• WHAT IS BEING ASKED: Go to the line below that has "ohaus奥豪斯Trooper 3000过程称重仪表", print it and each line after it exactly, and stop after the line that has "Enfants Riches Déprimés 2019 春夏 Lookbook 發佈"; leave out pictures.

• INFORMATION PROVIDED:
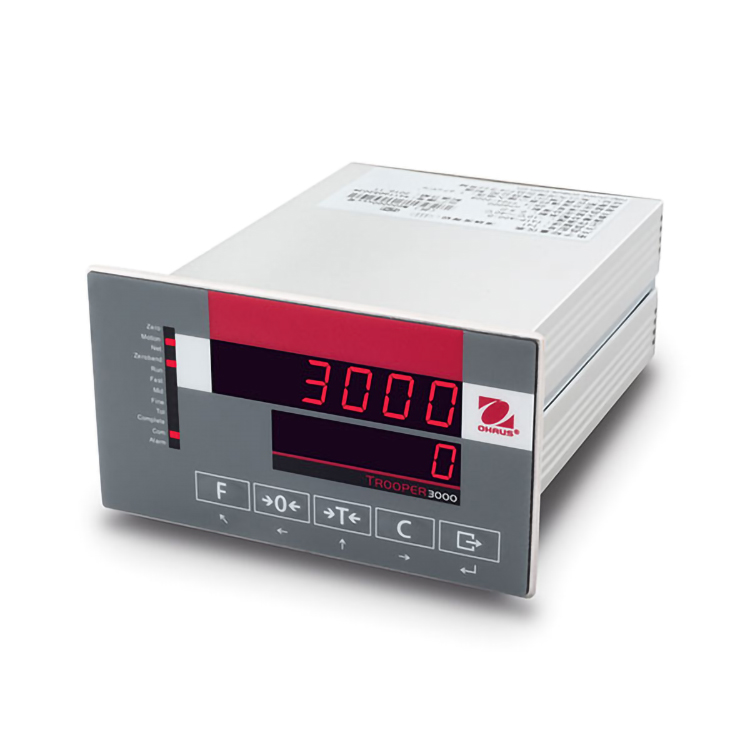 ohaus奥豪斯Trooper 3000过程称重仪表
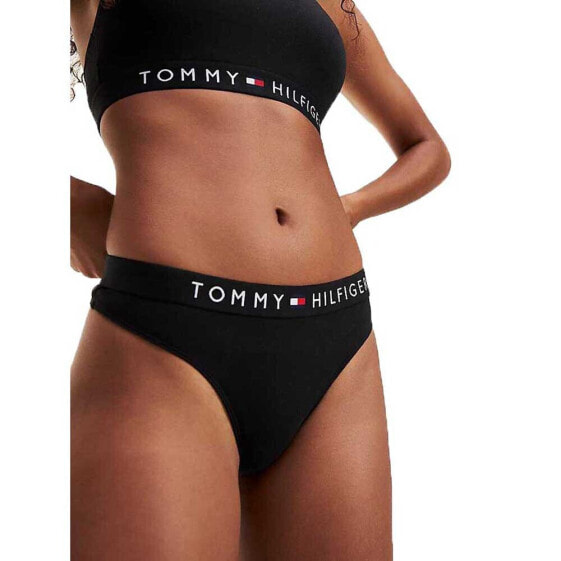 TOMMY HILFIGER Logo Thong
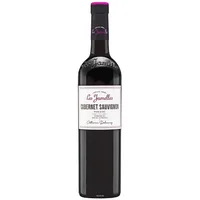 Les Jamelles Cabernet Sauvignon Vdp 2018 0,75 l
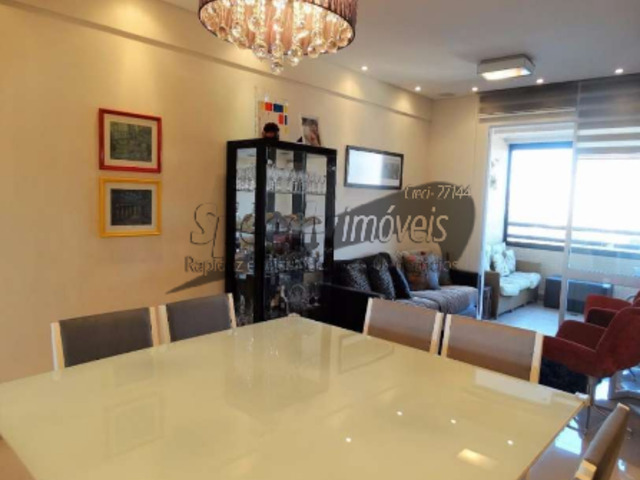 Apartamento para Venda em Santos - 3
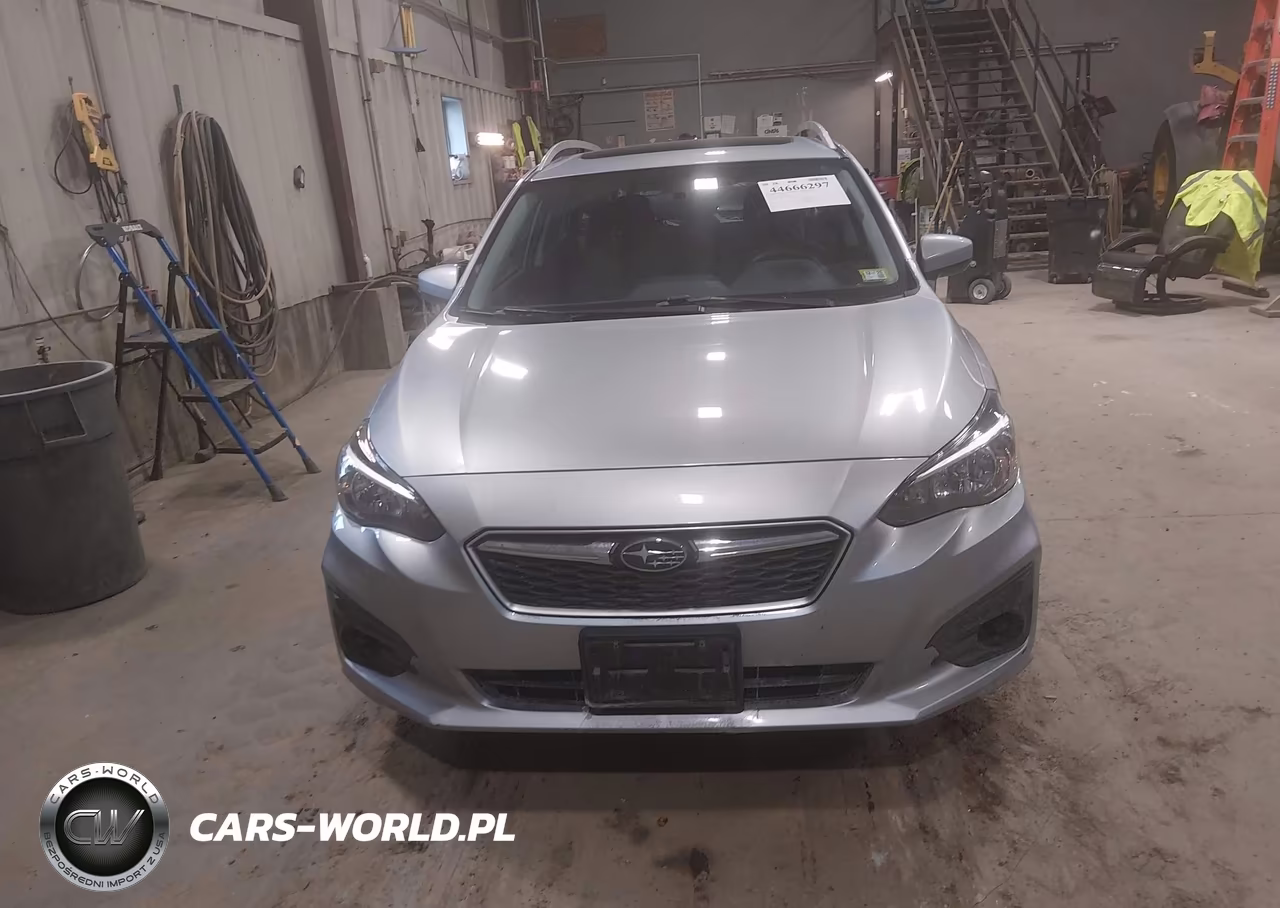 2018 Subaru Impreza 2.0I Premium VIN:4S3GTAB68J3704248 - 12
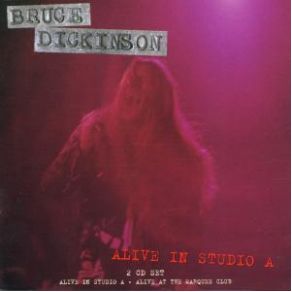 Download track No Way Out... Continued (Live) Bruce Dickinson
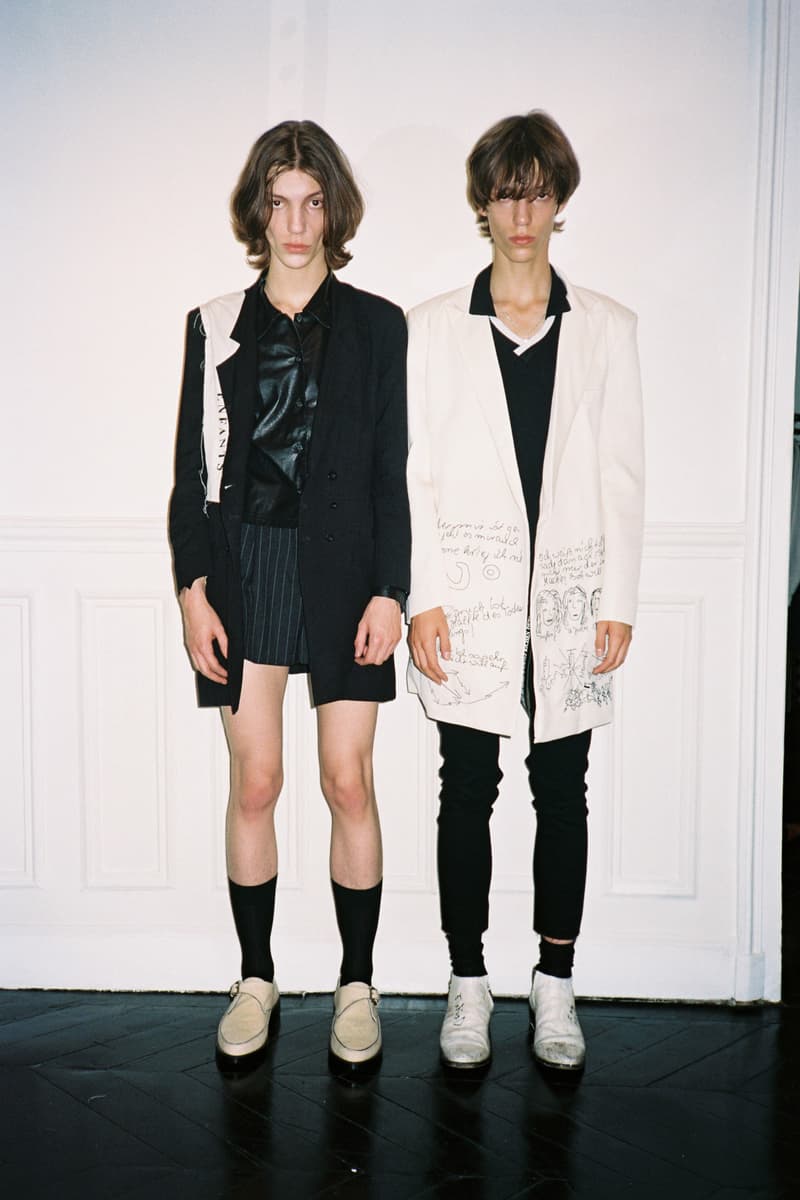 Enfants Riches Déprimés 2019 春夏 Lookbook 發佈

--

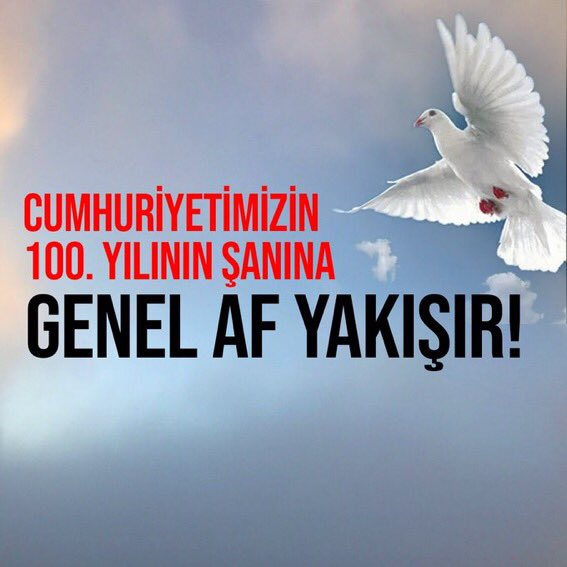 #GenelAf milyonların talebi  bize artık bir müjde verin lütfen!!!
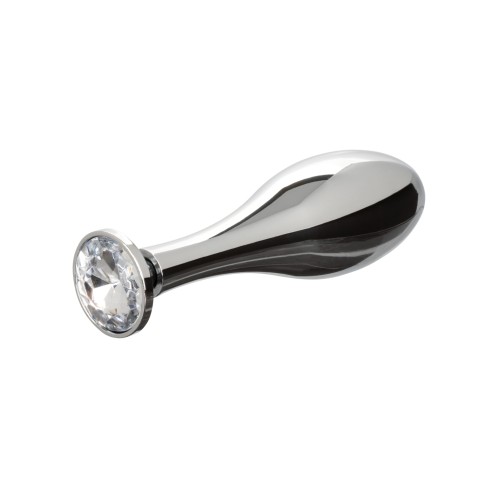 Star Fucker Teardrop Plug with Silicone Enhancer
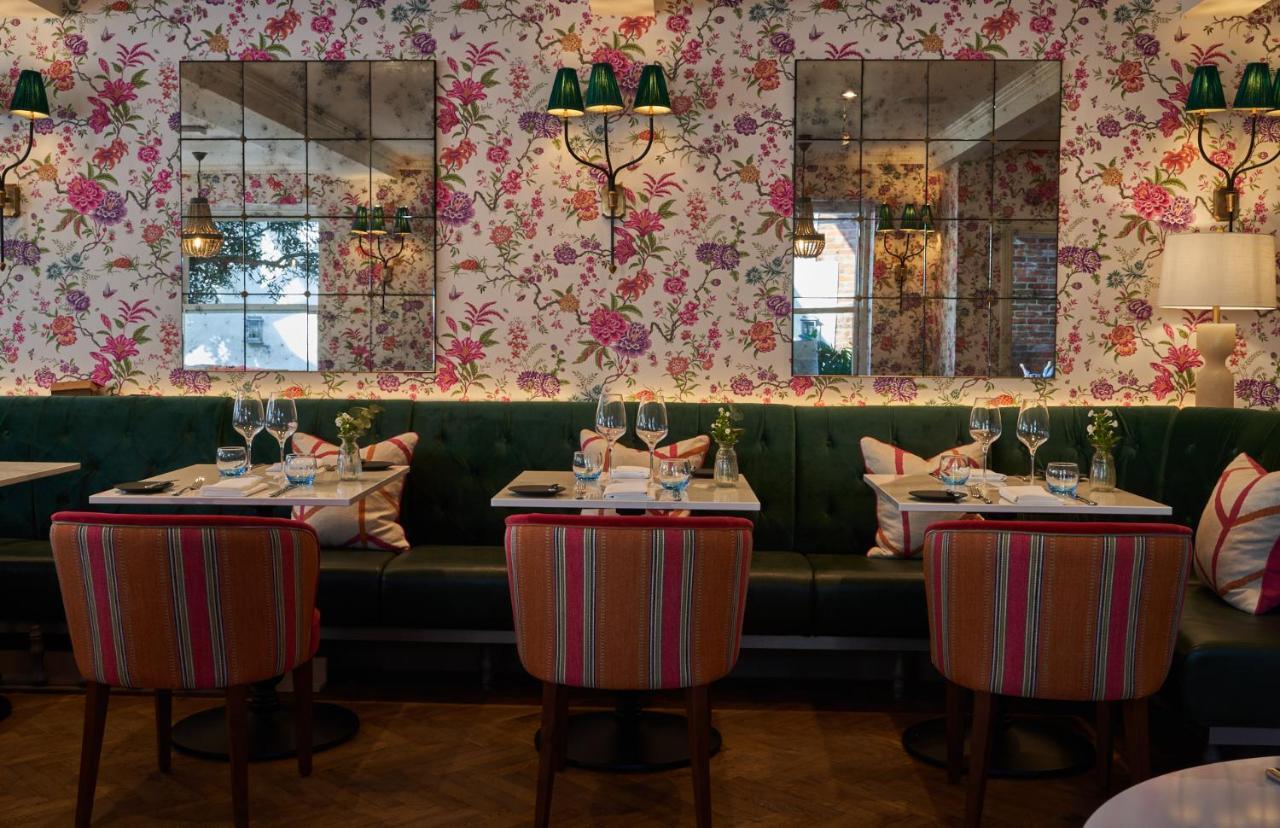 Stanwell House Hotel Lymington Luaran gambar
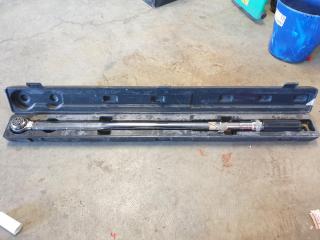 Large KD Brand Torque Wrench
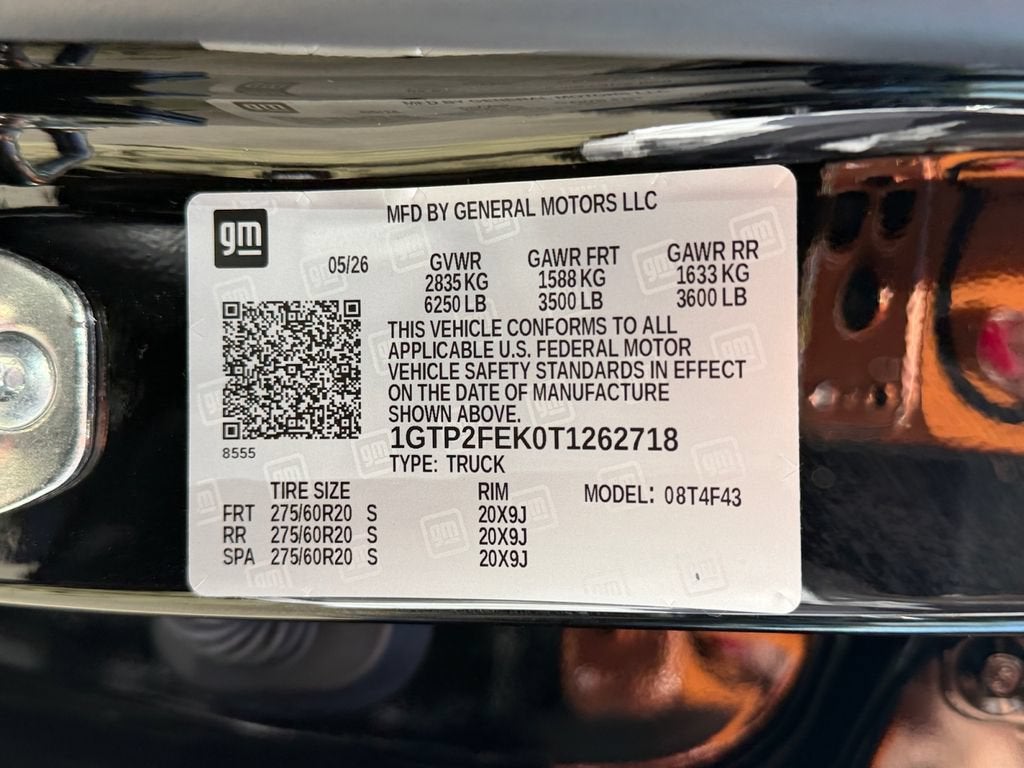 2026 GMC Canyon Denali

...

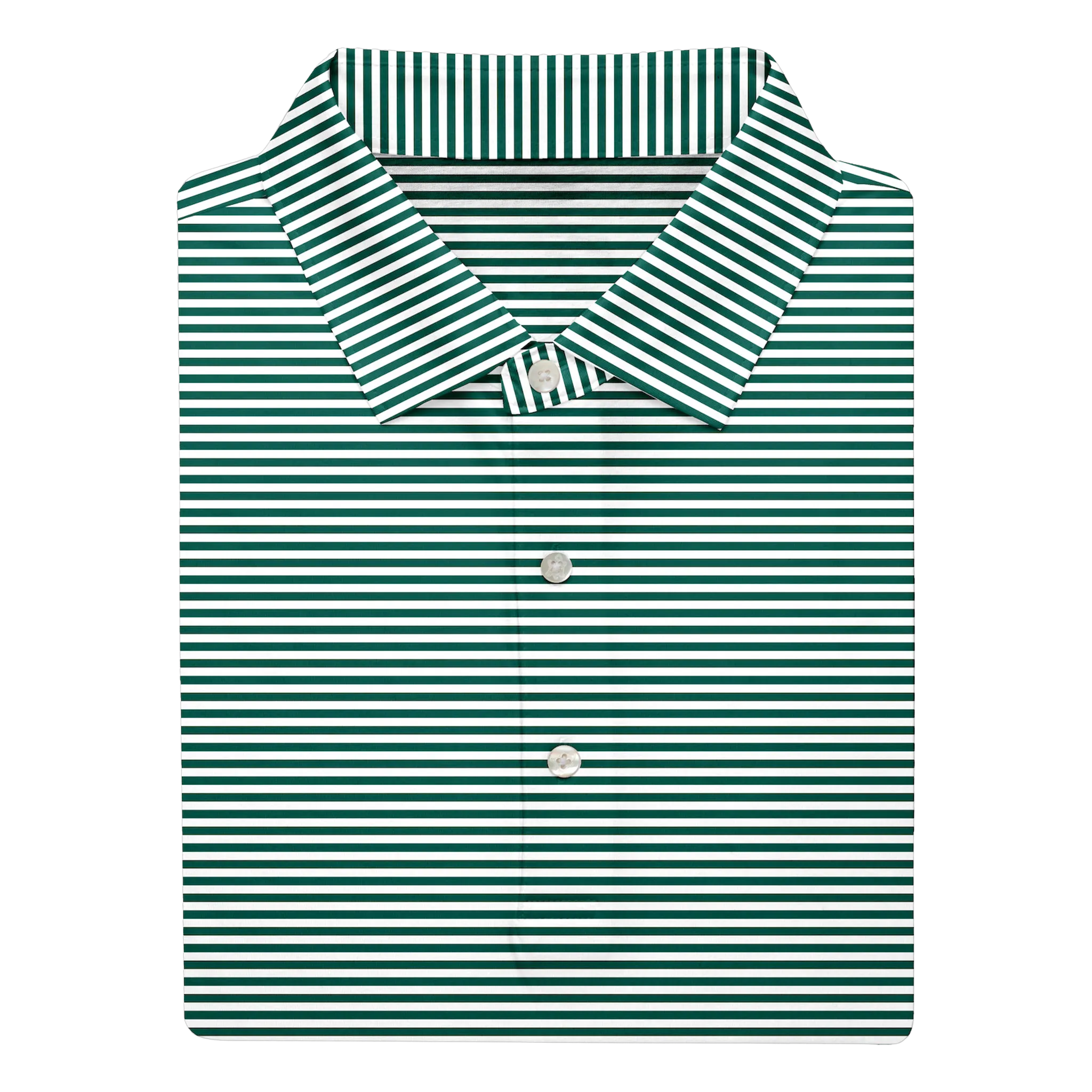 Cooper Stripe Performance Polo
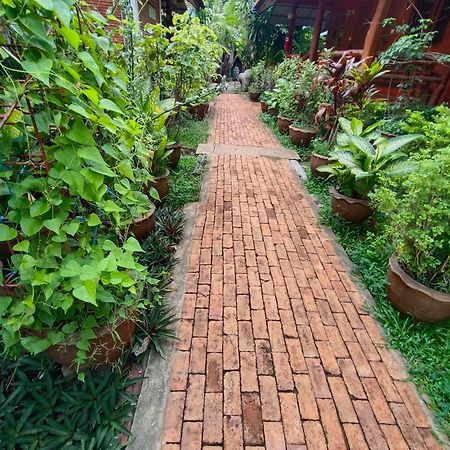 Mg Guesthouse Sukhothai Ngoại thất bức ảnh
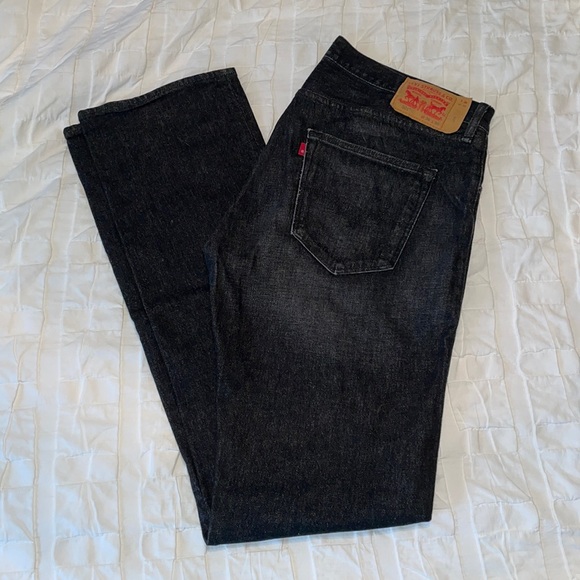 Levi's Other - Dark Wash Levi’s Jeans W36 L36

• FINISHED EXERCISE:
 ohaus奥豪斯Trooper 3000过程称重仪表
 TOMMY HILFIGER Logo Thong
 Les Jamelles Cabernet Sauvignon Vdp 2018 0,75 l
 Apartamento para Venda em Santos - 3
 2018 Subaru Impreza 2.0I Premium VIN:4S3GTAB68J3704248 - 12
 Download track No Way Out... Continued (Live) Bruce Dickinson
 Enfants Riches Déprimés 2019 春夏 Lookbook 發佈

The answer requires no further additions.